И еще — резка. Вот диалог на опушке, близ деревни. Она, Светка, с корзиной грибов; он — местный красавец, один из немногих, оставшихся в городке парней, — только вышел, корзина еще пуста.
ОН. Всё собрала?
ОНА (без улыбки). Половину.
ОН. Ну, спасибо.
— Кушай на здоровье.
— Что ж корни-то не обрезаешь?
— Ножа не взяла.
— А не боишься?
— Кого?
— А хотя б меня. Вдруг нападу.
— Я не из тех, на кого ты нападаешь.
(Бурые пятна по лицу, гордое вздергивание головы и — пошла, пошла к деревне.)
— Это почему же? Эй?!
Не удостоила.
И как могло статься, что трудный ее характер пришелся мне впору?
Однажды было так: мы шли лесной дорожкой, пробираясь в соседнюю деревню за поросятиной — там не в срок зарезали поросенка и продавали мясо. И вот нас снарядили. Дорожка была одна, не собьешься. Мы шли молча. Я была благодарна ей за это легкое молчание, за которым было полное доверие, какого не бывает в необязательной болтовне.
Ее присутствие не мешало мне думать о Тебе. Нет, не думать, конечно, все слова Твои, движенья, повороты головы, поступки — все было мною обдумано, переакцентировано, в разные годы получило разные толкования — нет, не думать, а ощущать Твое присутствие, отчего сосна переставала быть просто хвойным, то есть деревом с иголками вместо листьев, а мое желание не уронить, не убить в себе главного поддерживалось необходимостью быть достойной Тебя. Того, что мы были. Все в жизни моей освещено зеленовато и немного призрачно тем единственным нашим летом, которое всегда болит во мне.
Больно, — значит, живу.
Живу и приникаю к удивительной древесной коре, на которой оставили чуть заметный след беличьи коготки; и следую движению травы, колеблемой ветром; живу и люблю тех, кого люблю, и дорожу теми крупицами доброты и привязанности, которые получаю как дар, дающийся даром; живу и радостно слышу Тебя во всей той гармонии, которая остается еще, несмотря, вопреки колючей проволоке и надолбам, выращенным на месте изведенных лесов и полей Земли.

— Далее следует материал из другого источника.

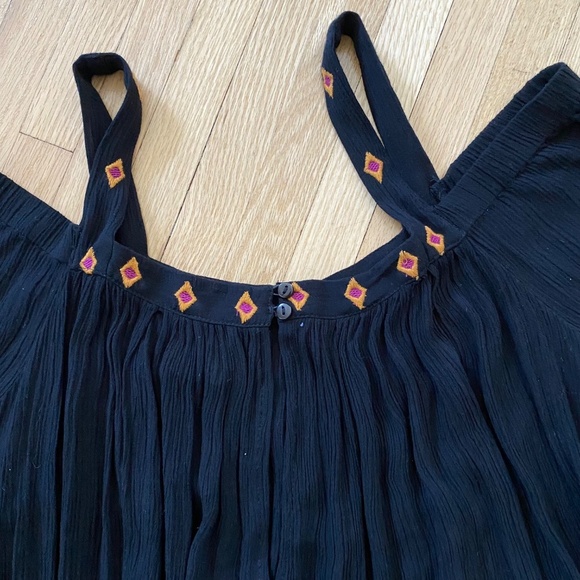 Japna Off the Shoulder with Straps Black Embroidered Boho Top Size M - Picture 6 of 9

Так вот, мы шли со Светланой по лесной дорожке, свободно думая каждая о своем. И где-то, вероятно, круги и полукружья наших мыслей совместились, потому что она вдруг повернулась ко мне и сказала:
— Он говорит, что наше подсознание в конечном счете включается в движение природы, космоса, всей Вселенной. Что древние это знали, и карта гороскопа, которую чертили они, по существу — карта нашего душевного бытия. Только я не очень поняла.